At the funeral I saw the power, unmistakable power, of Christ sustaining a family that was carrying a loss too heavy for any human to bear. Her husband, Jake, comforted me when I came to comfort him. He testified that God was holding him up. Jake spoke at the funeral. He promised his wife that they would find joy. Joy in basketball games, orchestra concerts, and ordinary moments. He invited us to do the same. "Adam fell that men might be and men are that they might have joy."
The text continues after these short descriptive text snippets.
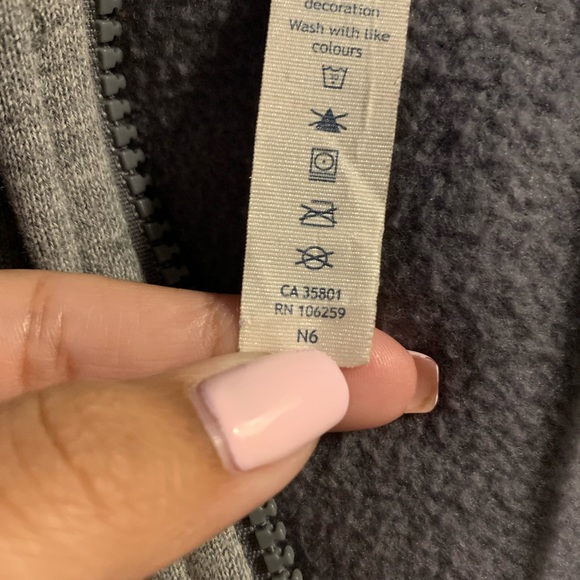 Lululemon Sweater - Picture 7 of 9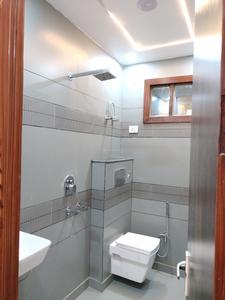 Common Bathroom Image of 1004 Sq.ft 4 BHK Builder Floor for sale in Nangli Sakrawati New Delhi for Rs. 8250000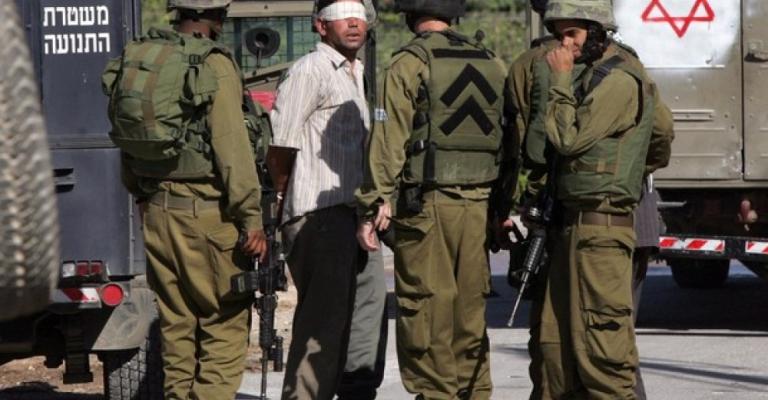 الاحتلال يعتقل 30 فلسطينيا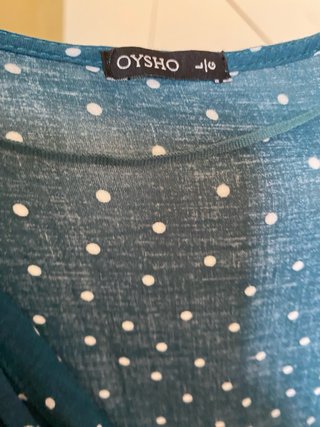Vestido Oysho verde azuleo con lunares blancos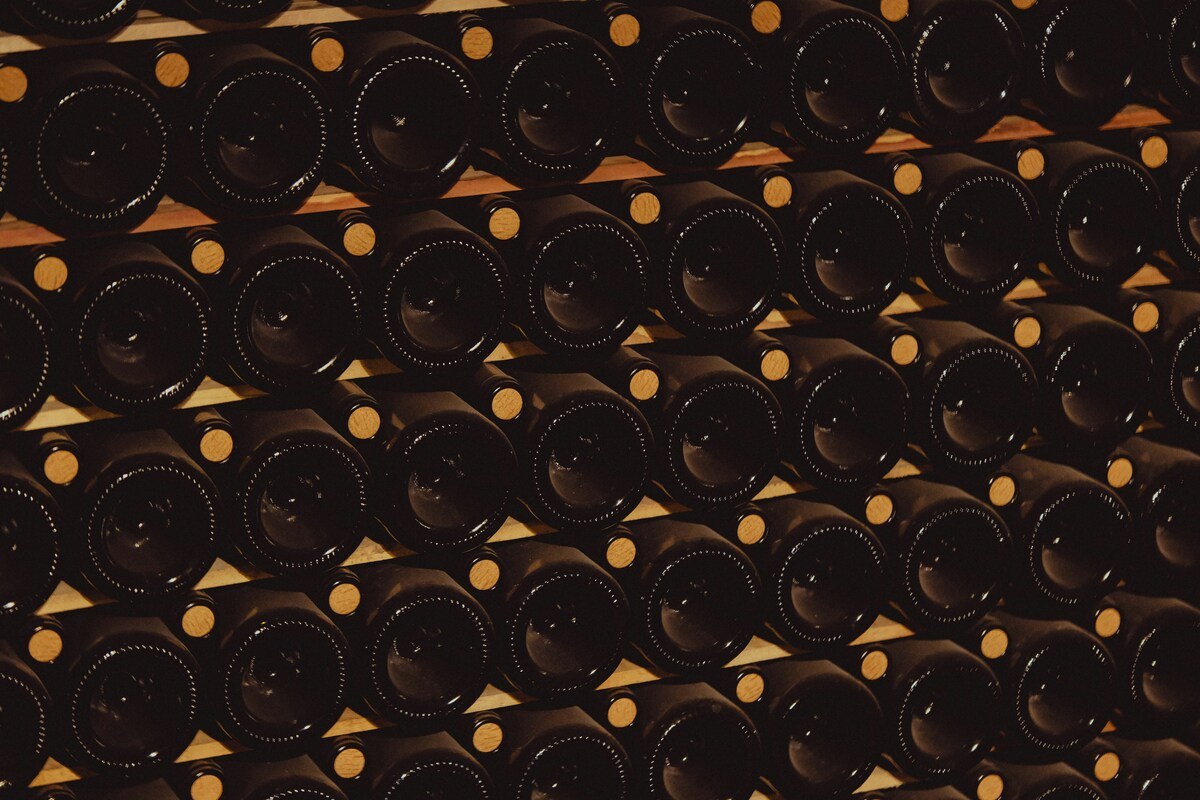 Maxi furto di vini pregiati: bottino da 5 milioni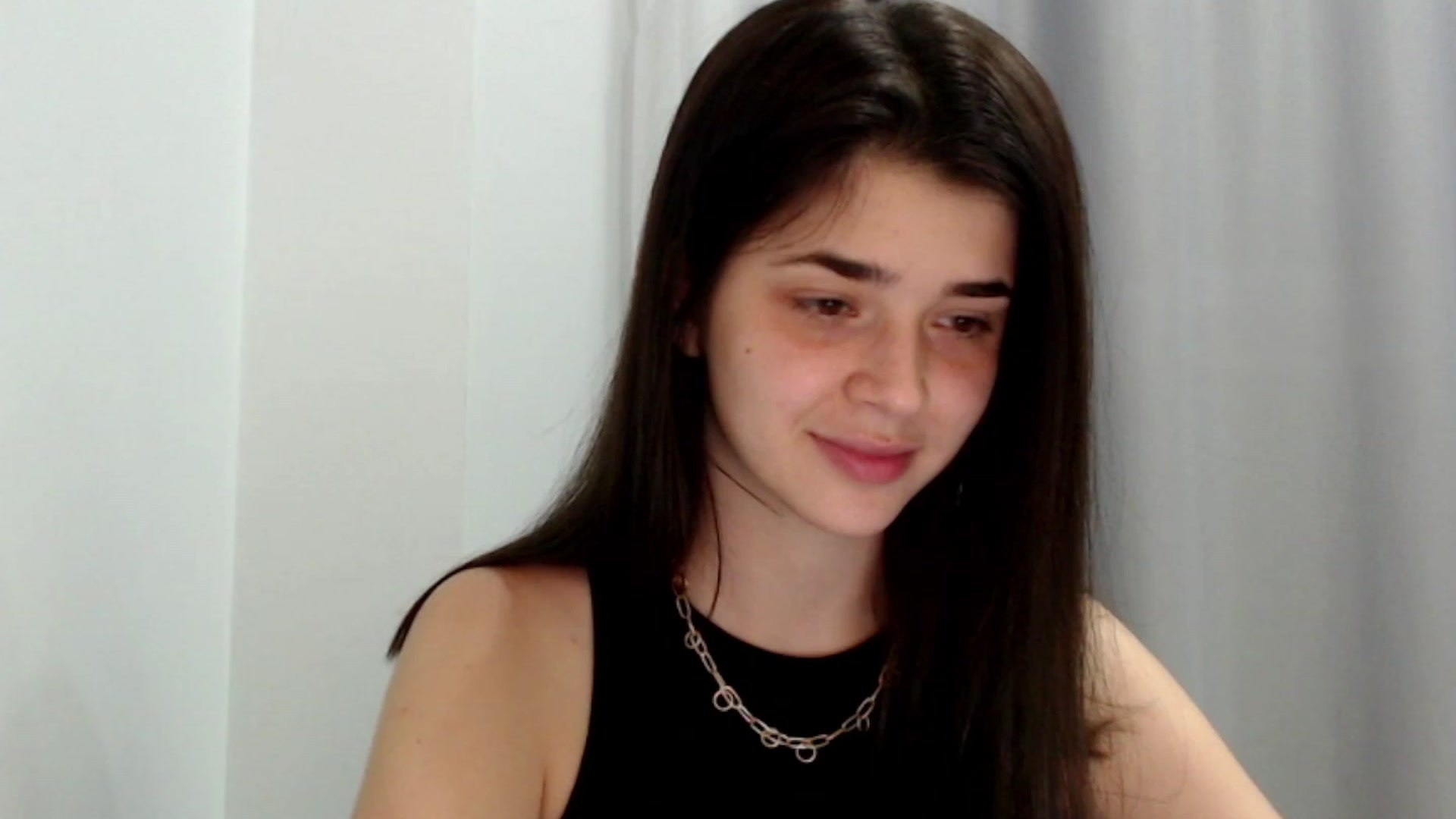 Gallery image thumbnail from ImYourLucky's myfreecams stream on, 08/09/2023, 18:42 image 4 of 20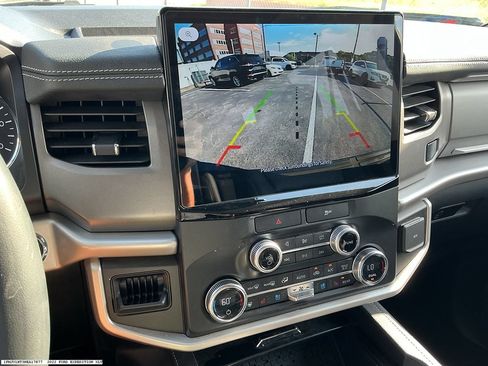Used 2022 Ford Expedition XLT RWD image 12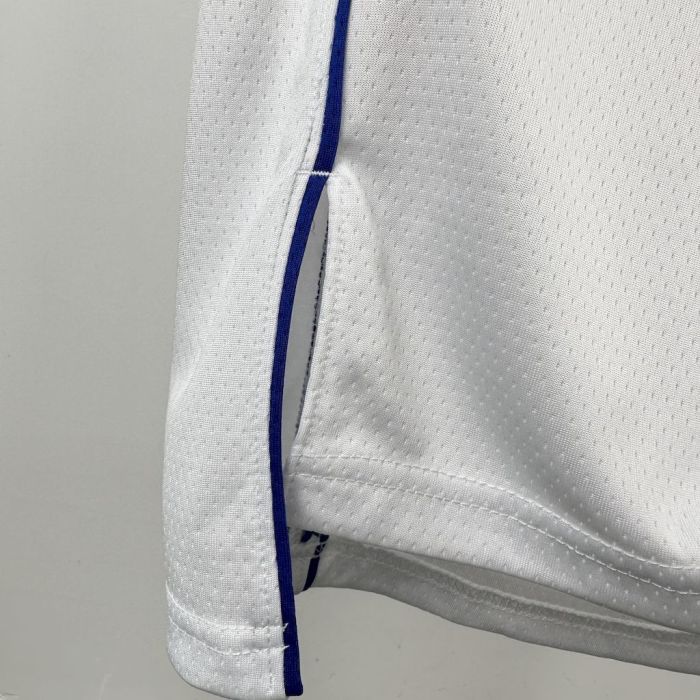Klay Thompson  Dallas Mavericks Association Edition 2023/24 Swingman Jersey  White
As far as being in Sabrina's inner circle, I was not, but I find myself feeling like I was. Twice I have felt her presence since she's passed and my first doubting thoughts in response are "Why are you here with me. I'm not who matters now, your family is who needs you close more than me." In my mind I could see her smirk and picture her saying, "you know you love me" and sensing she loved me too.
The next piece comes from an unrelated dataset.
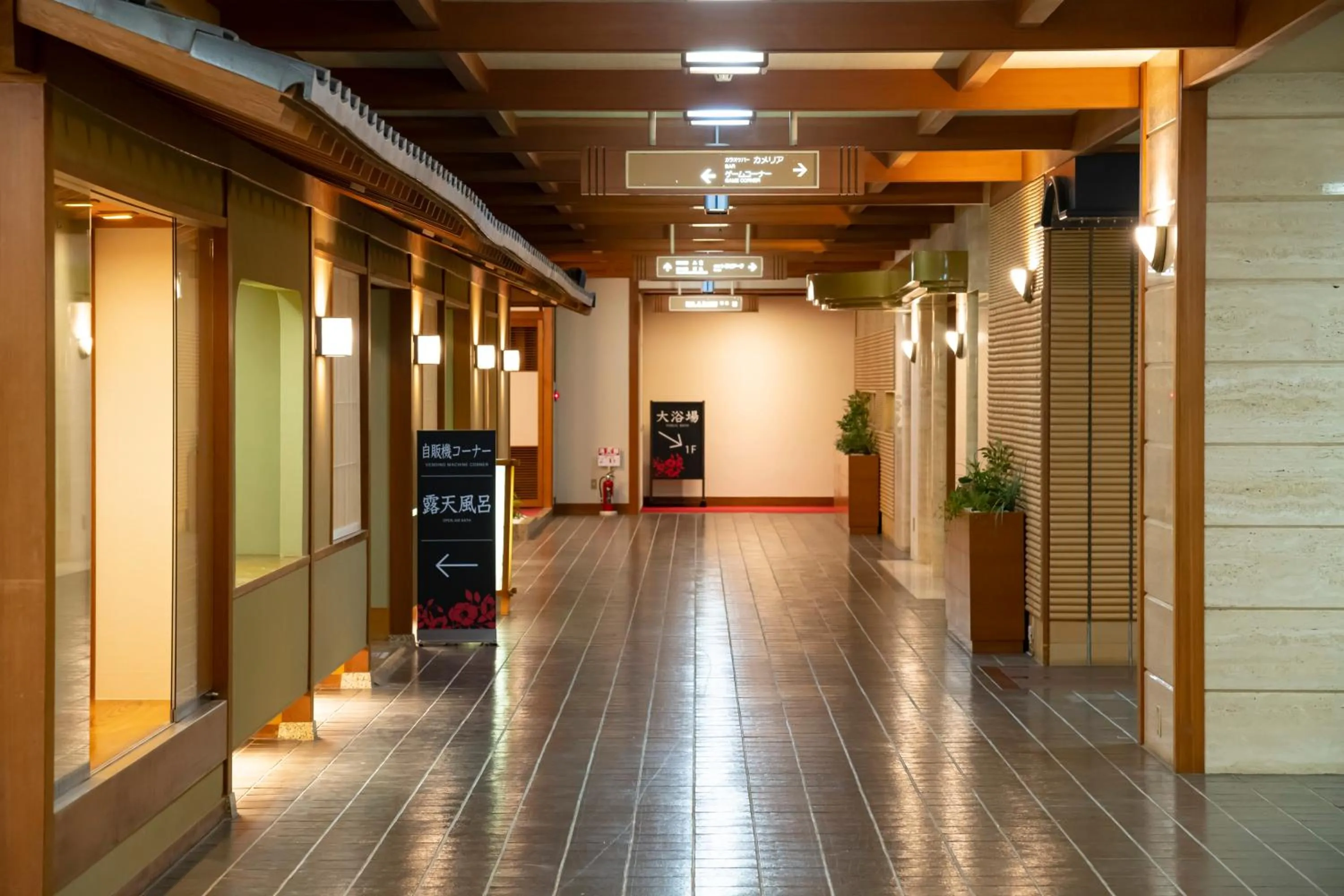 Area and facilities in Yamanaka Onsen Hanatsubaki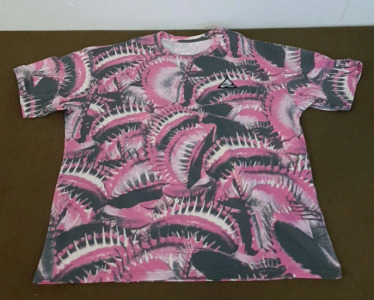 (3) NIKE Kyrie Irving KY JOURNEY REWARDS Shirt Mens 4XL Pink Short Sleeve Tee.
I can feel the abundant life she has ascended to. A life with time enough to check on me and others without abandoning her family. This was something she seemed to have been practicing in life and now perfected in death. I feel called to that abundant life, invited by Sabrina to continue this great adventure. Called to give the gift of my presence, the authentic, amazing and annoying me to those around me. When I can accept my own humanity, as Sabrina did, I can cherish the humanity of others. I want it to be said of me, as it was said of her, "She was a woman of unshaken faith. She loved deeply. She lived joyfully." So, light my hair on fire, I'm putting my tail to the wind. It's time for a great adventure.